Note that I use left join when adding new variables to the Panel, and then check whether the uniqueness of the key is preserved. I believe this is a good practice that helps prevent unintentionally duplicating or deleting observations when one merges data. It also helps reveal bugs if there is any.

Back to top

Construct stock portfolios based on past characteristics

Compare analysts' forecasts with firms' actual earnings

In this program, I build from IBES a data set that contains US companies' actual earnings per share (EPS) for certain fiscal years, along with the corresponding forecasts made by financial analysts prior to the earnings announcements. This data set can be used to address questions like:

  • Do analysts make rational predictions?
  • What is the impact of surprisingly high/low earnings?
  • What is driving the earnings surprises?

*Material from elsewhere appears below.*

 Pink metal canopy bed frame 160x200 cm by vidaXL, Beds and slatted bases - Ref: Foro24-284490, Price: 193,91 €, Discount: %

As an illustration, I plot the figure below using this data. It shows analysts' predictions of Apple Inc.'s EPS for the 2019 fiscal year, as well as the actual number that was announced on October 30, 2019. One can see that analysts made forecasts throughout the year, and overall they seem to slightly underestimate Apple's earnings for this fiscal year.

Without further ado, let's dive into the code!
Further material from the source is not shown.